I fear it's this desire for a simplistic direct-to-consumer pipeline of media consumption, and this distaste for deeper dives, that leads to anti-social behavior like telling an author you feel personally offended by them writing in third person. In my own life, it often takes the shape of folks who meet attempts to have nuanced discussion about industry or subgenre with a frank refusal. Highguard failed because the game is bad, service games are bad, and the devs are incompetent, of course! Sure, Tencent pulled funding — but that requires the additional intellectual labor of imagining the inner workings of a large organization that we don't have any direct insight in to and therefore isn't worth considering. It's dehumanizing to me, as someone trying to engage with another person and being treated as an inconvenience, but it's also dehumanizing to the writers and developers who create the objects of these folks ire.

You can make as strong a case that the casual derision is due to the 'dunk culture' of Twitter and TikTok as it is about the dehumanizing force of convenience. I'd probably agree with you. But of late, especially off the back of the release and subsequent firings of 2XKO and half of its development team, I've been desperate to understand the cruelty some have so casually put onto my screens. How is it that these people who demonstrate so loudly a profound unwillingness to see their fellows with compassion occupy the hobby communities I spend my time in? As we continue to see maximally convenient services that sell all your data to the highest bidder as the premier economic model of the western world, and young people grow up with them and expect the degree of convenience they offer, we'll continue to deal with people who aren't interested in overcoming the minor inconveniences that promote community and community solutions to corporate problems. I fear for all the economic and legal ramifications of these models becoming so ubiquitous, but more immediately I fear for the spaces that I've enjoyed as hubs of community and open discussion. Climbing fences to get to the clubhouse makes the clubhouse feel special, like its something you earned. Disagreeing with friends is fun, and gives you a reason to question yourself and practice argumentative and conversational skills. In spaces where this friction still exists, people aren't less insufferable necessarily, but they do understand the value of the things they invest themselves into with a much greater salience, and they understand that the folks they share even anonymous spaces with are people like them. Just ask any Xrd discord what they think of their characters worst match up, or ask the Arch forums how to configure your fstab. You'll get a whole bunch of hot takes, but you'll also get a genuine insight born out of years of experience, and a genuine desire to discuss and help.

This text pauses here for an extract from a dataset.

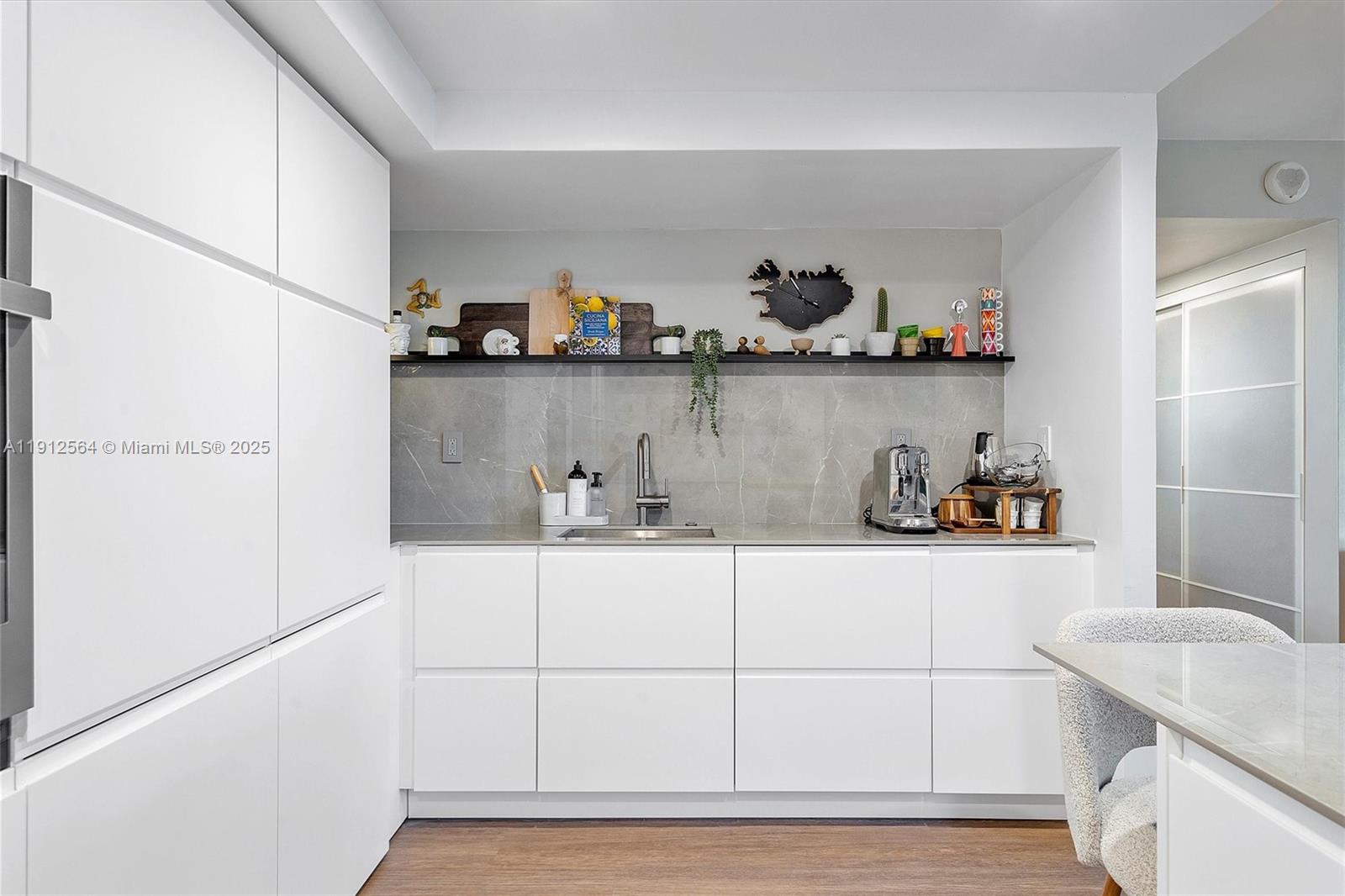 BAYVIEW TOWERS CONDO N - Residential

As local governments continue to give up community spaces to the highest bidder, online social platforms are increasingly monetized, and our time is monopolized by apps developed to sell our data to arms manufacturers, I fear for this generation of young person whose free time is spent in isolation. It is easier than ever to strike up a conversation with a stranger, or find folks who share our loves, yet as the convenience of socializing becomes easier, and hobby spaces become easier to find, some budding enthusiasts seem more inclined to treat passionate folks with contempt than appreciation. I'm heartened to see a countervailing force as the same generation looks to embrace physical media, and young folks are certainly more accepting of people of color and queer folks, but there needs to be a concerted effort to squash antisocial behavior and foster appreciation for the spaces we create and enjoy. We're all guilty of an occasional shitpost or dunk, but try to balance them with a willingness to be vulnerable and show others how wonderful the things you love are. Start a blog, join a forum, volunteer to run a bracket. Whether other folks notice your work explicitly, the satisfaction of doing things is its own reward, and if you stick with it, you'll reap the rewards of a community of people who appreciate you as much as you appreciate them.